My hometown has always had a wonderful Memorial Day observance.  Dad would often present the colors with others from the VFW and the American Legion.  This will be the first year without Dad.

The Clarion American Legion and VFW Posts will hold their annual Memorial Day observance on Monday, May 25, beginning at 10 a.m. in the Clarion-Goldfield-Dows High School gymnasium.
 
Other observances around Iowa can be found here or here.
 
Twenty-five years ago, I was honored to give the Gettysburg Address at the service.

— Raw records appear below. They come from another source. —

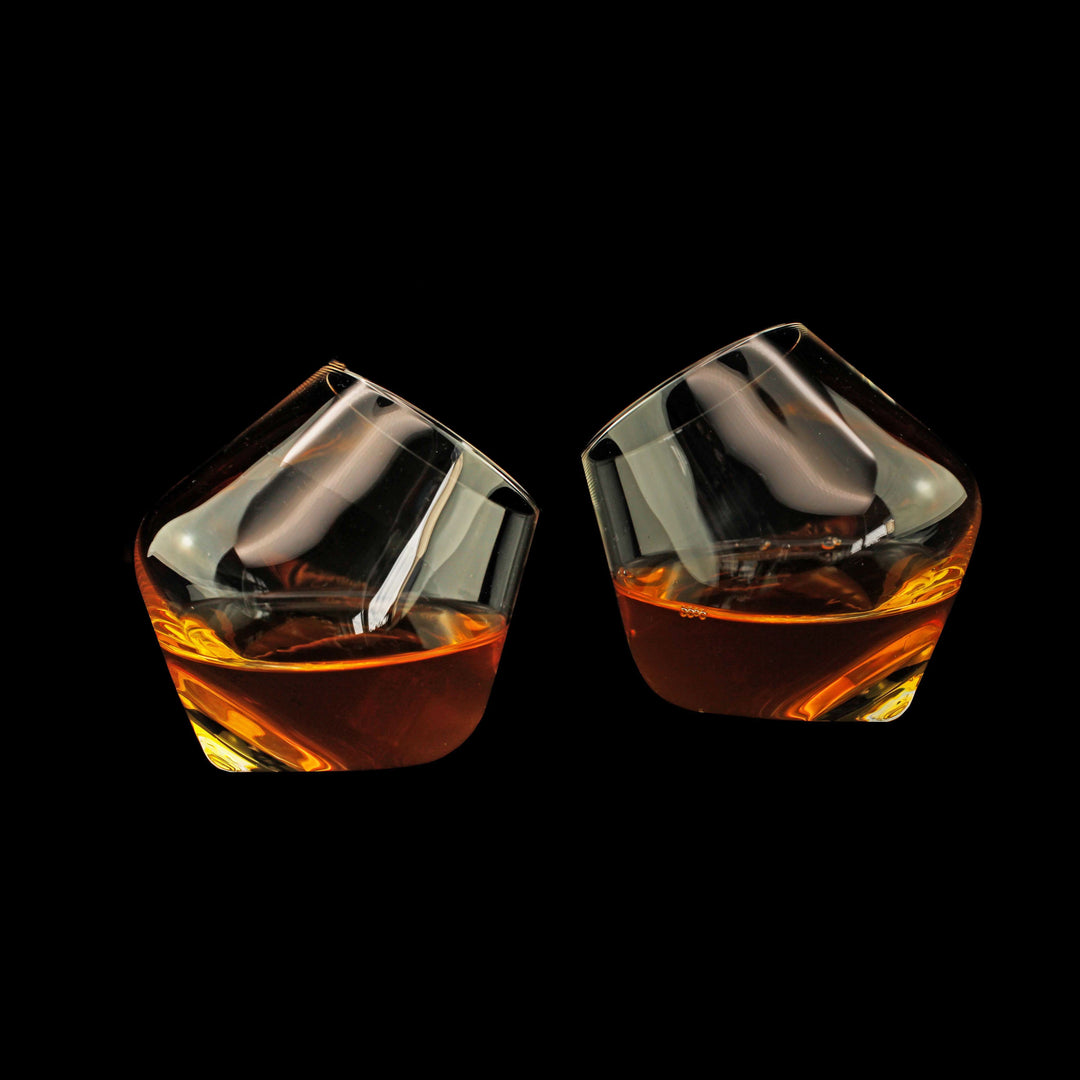 Les meilleurs verres à whisky du moment en décembre 2025 Les meilleurs verres à whisky du moment en décembre 2025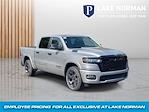 2026 Ram 1500 Crew Cab 4WD Pickup for sale #212227 - photo 1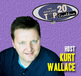 Weekend Top 20 Countdown  - with Kurt Wallace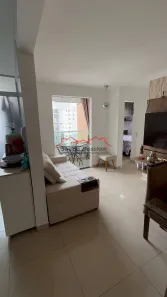 Apartamento com 2 Quartos à venda, 44m² no Socorro, São Paulo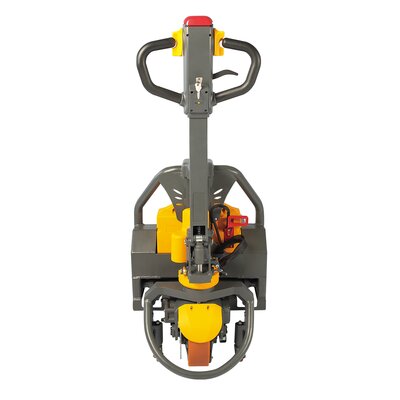 Electric pallet truck 1500 kg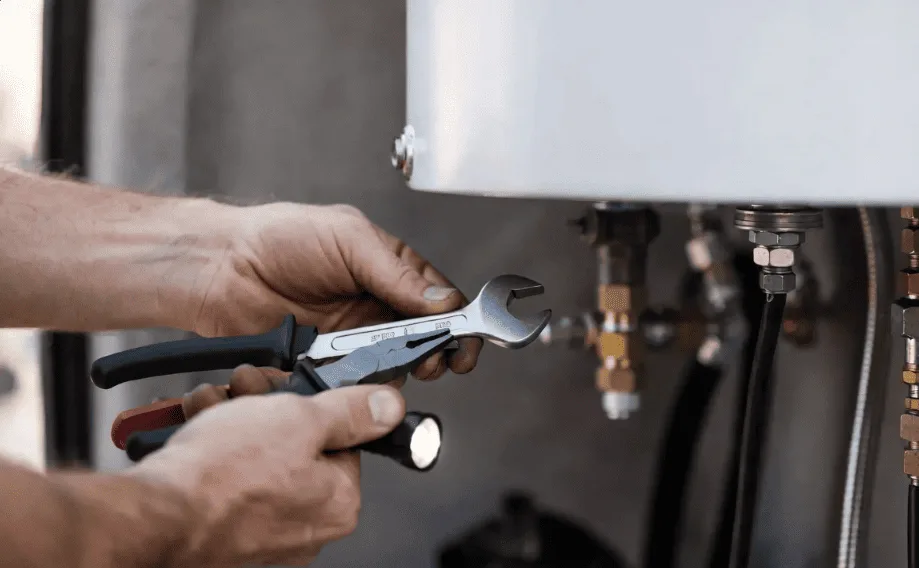 Why choose Water Heater Repair in Grenville, NM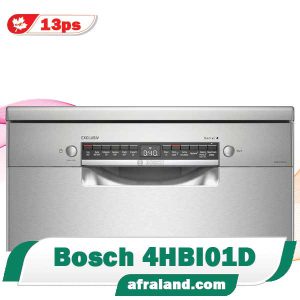 پنل ماشین ظرفشویی بوش 4HBI01D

Four score and seven years ago our fathers brought forth on this continent, a new nation, conceived in Liberty, and dedicated to the proposition that all men are created equal.
 
Now we are engaged in a great civil war, testing whether that nation, or any nation so conceived and so dedicated, can long endure. We are met on a great battle-field of that war. We have come to dedicate a portion of that field, as a final resting place for those who here gave their lives that that nation might live. It is altogether fitting and proper that we should do this.
 
But, in a larger sense, we can not dedicate -- we can not consecrate -- we can not hallow -- this ground. The brave men, living and dead, who struggled here, have consecrated it, far above our poor power to add or detract. The world will little note, nor long remember what we say here, but it can never forget what they did here. It is for us the living, rather, to be dedicated here to the unfinished work which they who fought here have thus far so nobly advanced. It is rather for us to be here dedicated to the great task remaining before us -- that from these honored dead we take increased devotion to that cause for which they gave the last full measure of devotion -- that we here highly resolve that these dead shall not have died in vain -- that this nation, under God, shall have a new birth of freedom -- and that government of the people, by the people, for the people, shall not perish from the earth. 
Abraham Lincoln
November 19, 1863
I encourage you to attend a Memorial Day observance, to honor and remember the fallen.  Also take time to reflect on other loved ones that have passed on, remembering their influences on us and the good times with them.